FAQ - loosolab/TOBIAS GitHub Wiki

FAQ (Frequently Asked Questions)

1. What is the recommended workflow for the TOBIAS tools?

The TOBIAS tools are intended to be run in the order of:

ATACorrect
ScoreBigwig
BINDetect

You can also check out the pre-set snakemake pipeline in order to automate analysis for many conditions.

2. What .bam-file should I use as input?

You can use any .bam-file containing ATAC-seq reads. It is recommended that you remove PCR duplicates, as these can otherwise influence footprinting. You, however, do not need to shift the reads +4/-5, as TOBIAS ATACorrect does this internally.

3. What peak-file should I use as input?

You should use any .bed-file containing open chromatin regions from peak-calling, e.g. from MACS2 or similar. If you are planning to compare several conditions with each other, e.g. 'WT.bam' with 'treatment.bam', you should obtain the peaks 'WT_peaks.bed' and 'treatment_peaks.bed' for each condition, and merge these using e.g. bedtools:

cat WT_peaks.bed treatment_peaks.bed | bedtools sort | bedtools merge > merged_peaks.bed

You should then use 'merged_peaks.bed' throughout the TOBIAS tools.

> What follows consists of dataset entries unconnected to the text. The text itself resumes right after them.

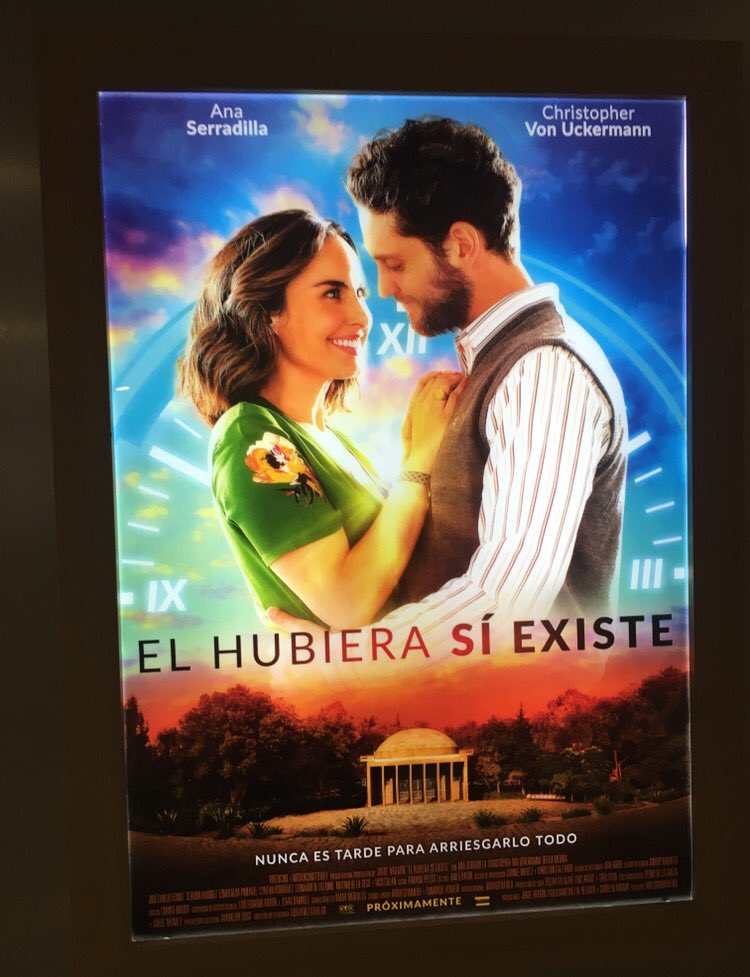 maricelamn's tweet photo. Esta sorpresa me encontré en el cine el día de hoy. 😬 @LA_SERRADILLA Espero que se estrene, muy muuuuy pronto!! 👏🏼👏🏼 #Hermosillo #CinepolisVip #ElHubieraSíExiste https://t.co/3pLxRflv0v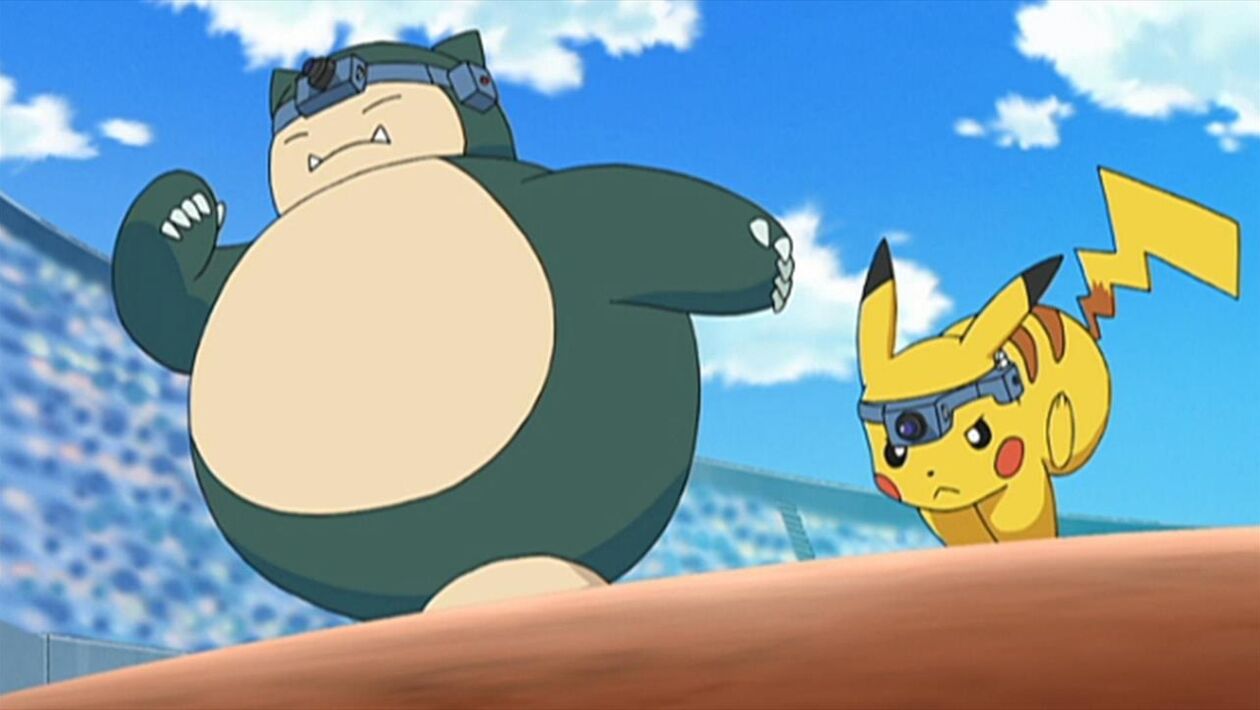 La journée des Pokémon : Spécial Ronflex - Télé-Loisirs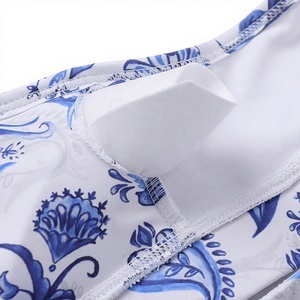 Ensemble short de yoga et soutien-gorge de sport personnalisé 100% coton respirant écologique séchage rapide été pour femmes - Product Image 4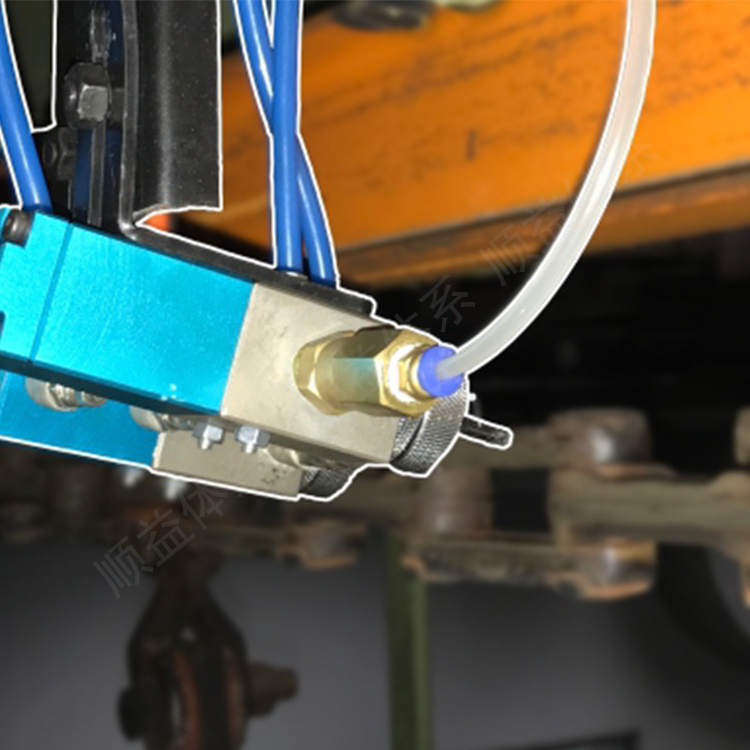 VMAXX链条油气喷射智能润滑系统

4. How do I deal with replicates?

TOBIAS does not deal with individual biological replicates, and it is therefore recommended to merge replicate .bam-files prior to correction and footprinting. This is to improve the sequencing depth, as well as simplify the downstream interpretation of the results.

5. I get an error stating "too many files open" - what do I do?

TOBIAS BINDetect and other tools require files per motif/TF to be open throughout the run, and this can exceed the system-limit for open file handles. This can be fixed using the command ulimit:

$ ulimit -n 3000 (or the amount needed - this scales with the number of motifs used)

6. I have another question not answered here...

Please search the issues page to see if someone has already asked a similar question. Otherwise, please feel free to open a new issue.